Lo que ha sucedido con todas las revoluciones que la historia ha conocido, es que se han reducido a un simple ejercicio que consiste en arrebatar el poder a unos hombres para entregárselo a otros, teniendo como resultado que los “revolucionarios”, eventualmente, acaban poniéndose las ropas del tirano que depusieron.

El concepto de “Revolución” –así, con mayúscula– fue resultado de la Ilustración y es percibida a partir de ahí como el camino hacia el Estado omnipotente, lo cual constituye una utopía basada en la ilimitada fe en el progreso de los hombres. La Revolución Francesa fue la primera en la historia que pretendió construir una nueva sociedad y un hombre nuevo. Pero la euforia generada por la Declaración de los Derechos Humanos, la instauración de la República, el culto a la Diosa Razón y el lema “libertad, igualdad y fraternidad” terminaron instaurando un terror más allá de cualquier represión que Francia hubiese conocido bajo la monarquía, finalizando luego en la instauración de un nuevo tirano: Napoleón, quien no se contentó con ser Rey, sino que por su propia mano se coronó Emperador.

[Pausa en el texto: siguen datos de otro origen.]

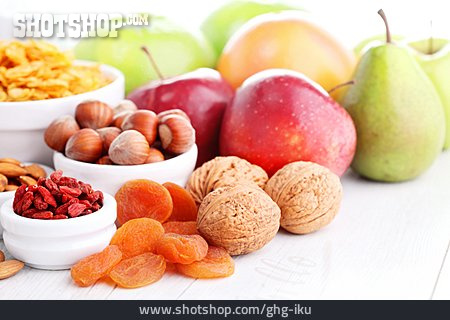 
                Gesunde Ernährung, Obst, Nüsse, Trockenobst                   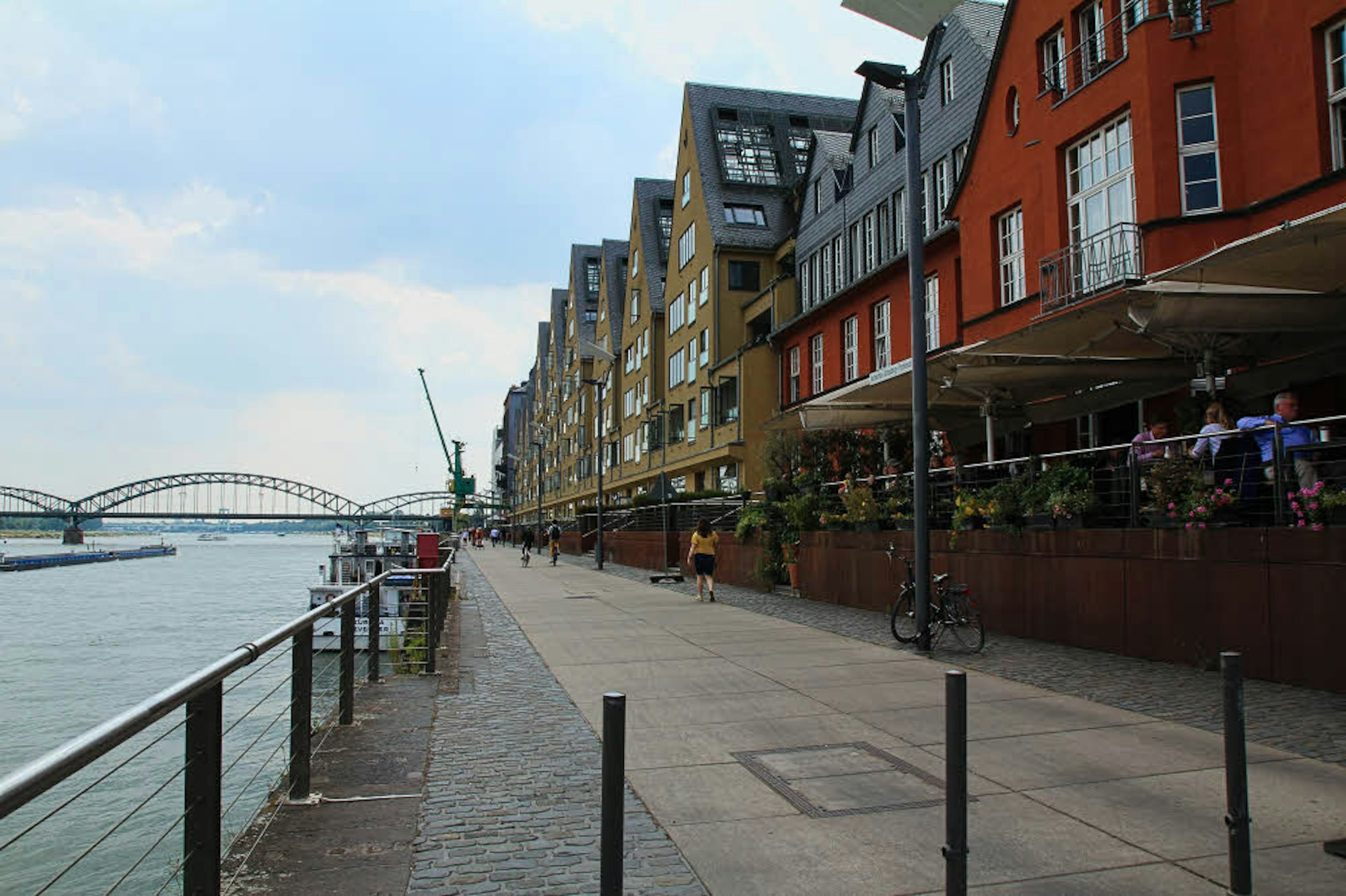 Der Rheinauhafen lockt mit seinem Flanier-Boulevard und bunter Gastro-Szene.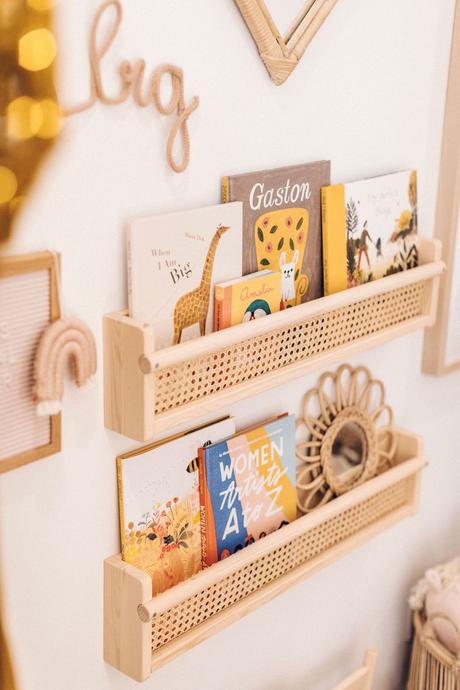 Comment créer un coin jeux dans un petit salon ? étagère bois imitation cannage livre enfant décoration champêtre lumineuse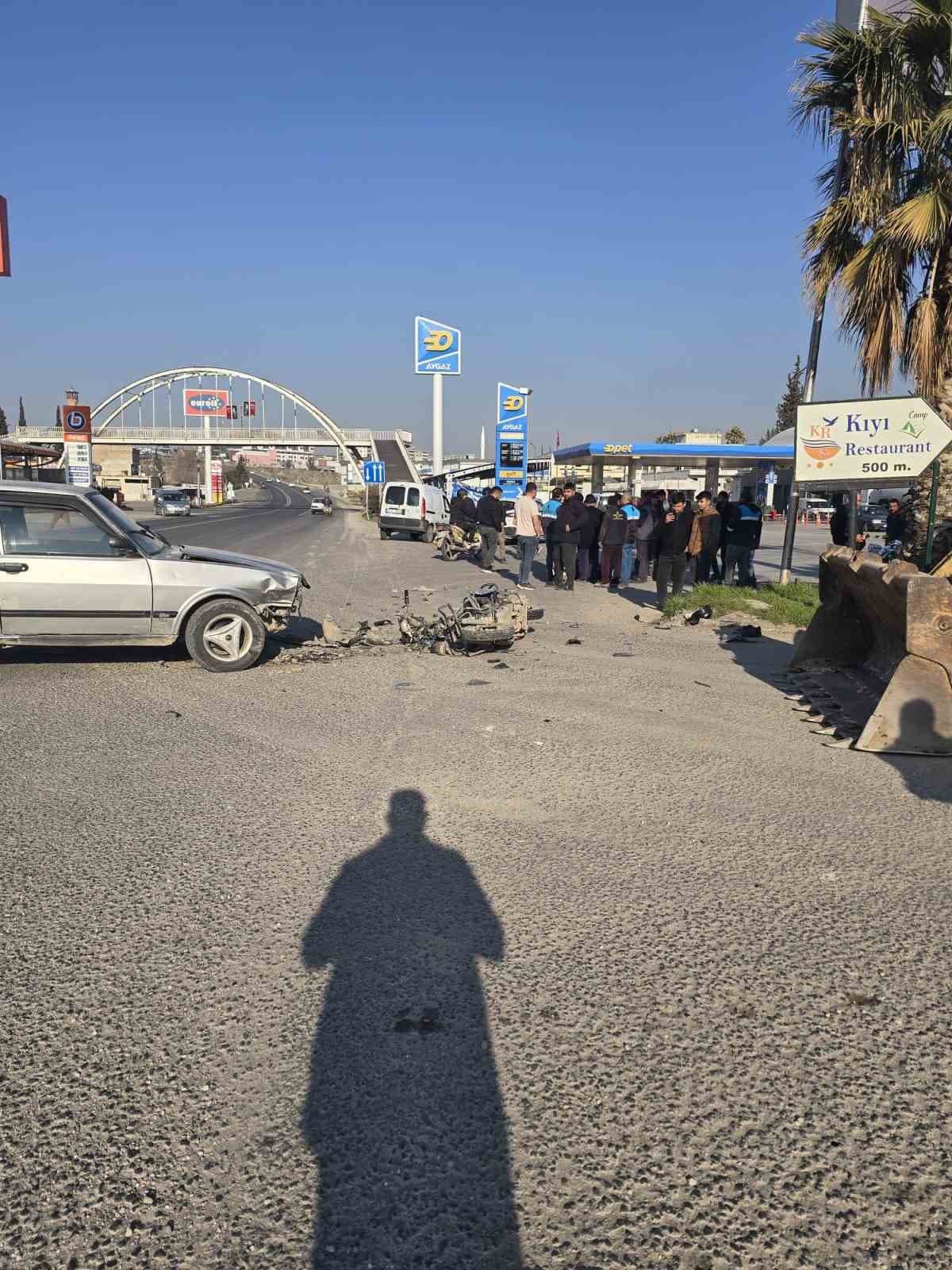 Otomobil ile çarpışan motosiklet sürücüsü ağır yaralandı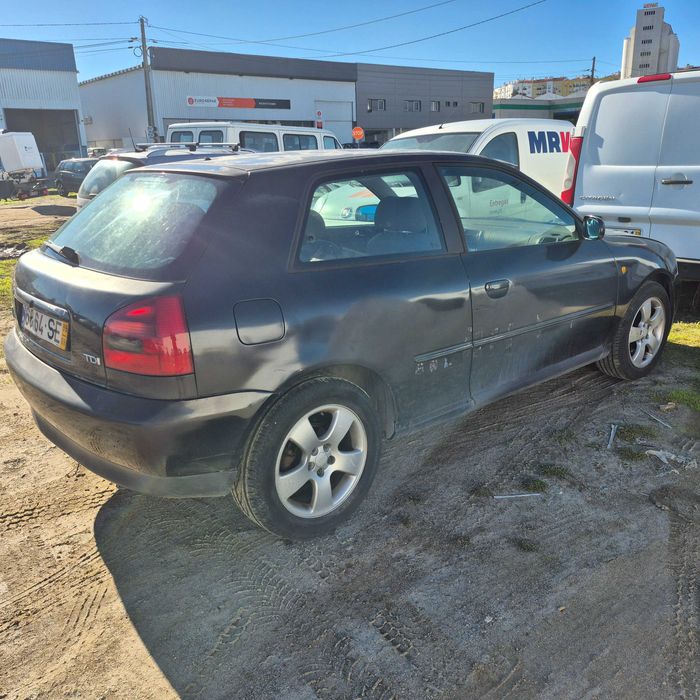 Audi a3 1.9 tdi 110cv VP 1999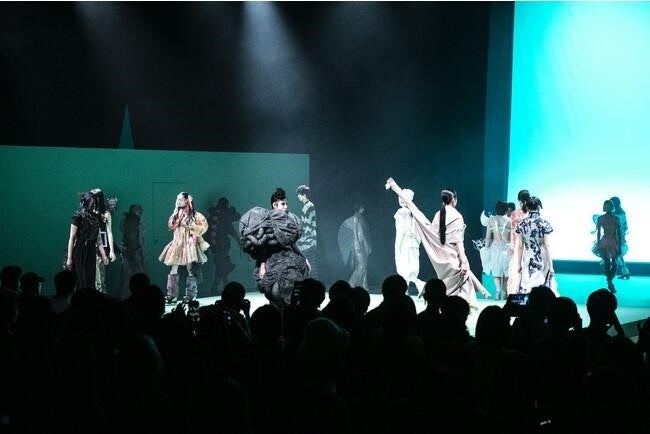 渋谷 今年100周年の文化服装学院とAIが共創「SHIBUYA RUNWAY “THE INCUBATION”」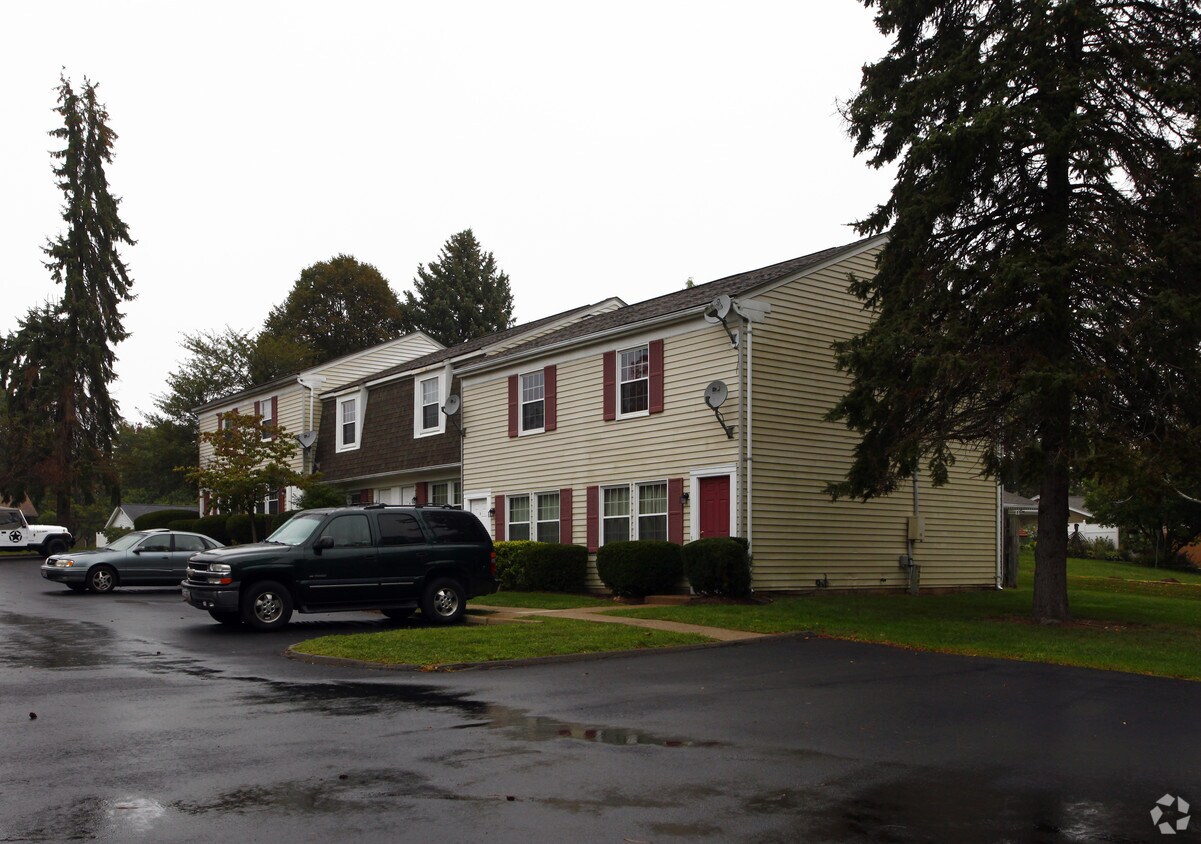 Building Photo - 248 Otterbein Dr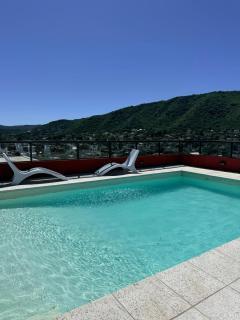 Dpto 4 pers -pileta- cochera- centro Carlos Paz M - 4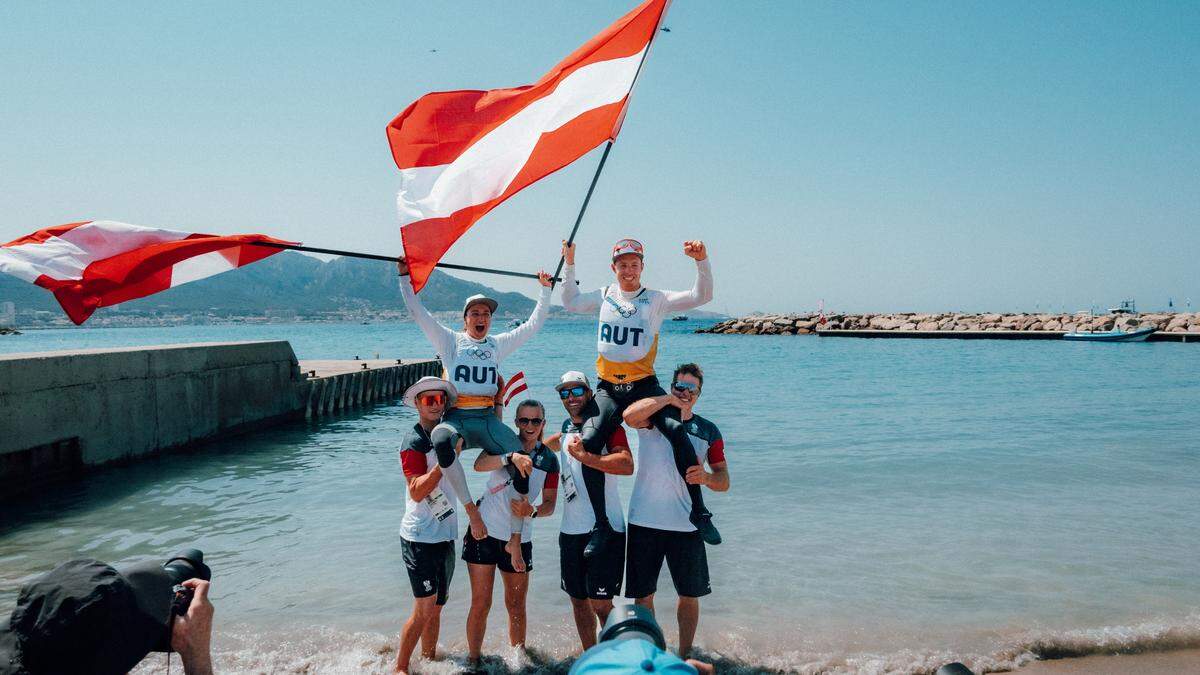 Lara Vadlau, Lukas Maehr,  und Lukas Mähr auf den Schultern des Teams 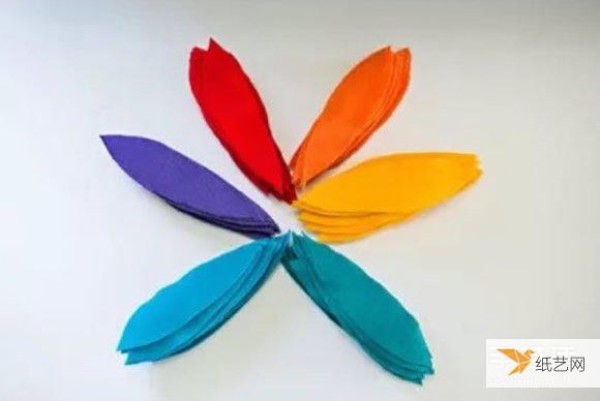 Tutorial on how to make colorful children’s feather wings using cardboard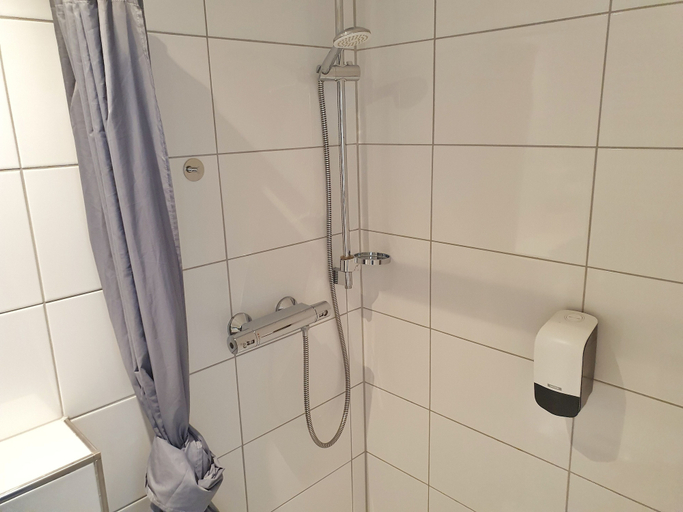 Bathroom 9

Fue Karl Marx quien le dio al concepto “revolución” su sentido actual. En el Manifiesto del Partido Comunista, él y Friedrich Engels establecieron que en la evolución de la sociedad, la burguesía, conceptualizada como clase dominante capitalista, había obtenido el poder mediante la violencia de la Revolución Francesa y que, a su debido tiempo, esta clase sería derrotada de la misma manera, por medio de la revolución social que instalaría la dictadura del proletariado. Libres de la explotación de sus amos capitalistas, los trabajadores podrían desarrollar un sistema de producción más justo que estuviera a su servicio. La revolución proletaria le daría lugar entonces a una genuina utopía.

Desde entonces y durante casi la totalidad del Siglo XX, prevaleció la concepción utópica de las revoluciones como generadoras de la supresión de clases y la instauración de la dictadura del proletariado. Todas ellas constituyeron sangrientos experimentos para los países en donde fueron implementados, siendo las más conocidas la rusa, china y la cubana, todas ellas con el fin de deponer a los gobernantes que reunían en sí mismos todo el poder político y económico de esos entonces, solo para terminar convirtiéndose ellas mismas en un producto peor del que pretendieron sustituir, dándole a los pueblos en donde las revoluciones de inspiración marxista triunfaron, no sólo una nueva élite de brutales gobernantes que impusieron un frenético culto a la personalidad de sus líderes como el caso de Chávez y Castro, sino además oronaron a sus pueblos con supresión de sus libertades individuales, escasez crónica de bienes de consumo, colectivización de la economía y persecución política de aquellos que se atrevieron a protestar contra el régimen.

La historia nos ha demostrado, casi sin excepción, que las revoluciones inician con esa inocente ilusión de buscar un cambio social para el bien de todos, pero terminan siendo eventos trágicos, sangrientos y lo que es peor, innecesarios. En El Salvador tuvimos nuestra propia y trágica revolución inspirada en principios marxistas, que nos costó más de cien mil muertes, familias separadas, migraciones masivas, sector productivo diezmado, agricultura destruida, surgimiento de maras, y ahora, a quince años después de la firma de los Acuerdos de Paz, vemos cómo partidos políticos aspiran al control absoluto de la nación, se reparten cargos administrativos mediante acuerdos poco transparentes, ejecutan elecciones con dudosos resultados y se resisten al equilibrio republicano de poderes, todo lo cual nos hace preguntamos ¿para qué sirvió entonces la guerra civil? ¿Fue acaso solamente un sangriento ejercicio para que el poder pasara de manos de unas personas a otras para continuar con los mismos vicios del pasado? Aparentemente en eso terminó todo: un mero y cosmético cambio de color político de los gobernantes, nuevo gobierno, viejos vicios; eso sí, hay una piedra en el zapato: los salvadoreños ya despertamos y lo conquistado no se entrega, la democracia llegó a El Salvador y llegó para quedarse, ya no queremos seguir siendo esclavos con diferentes amos.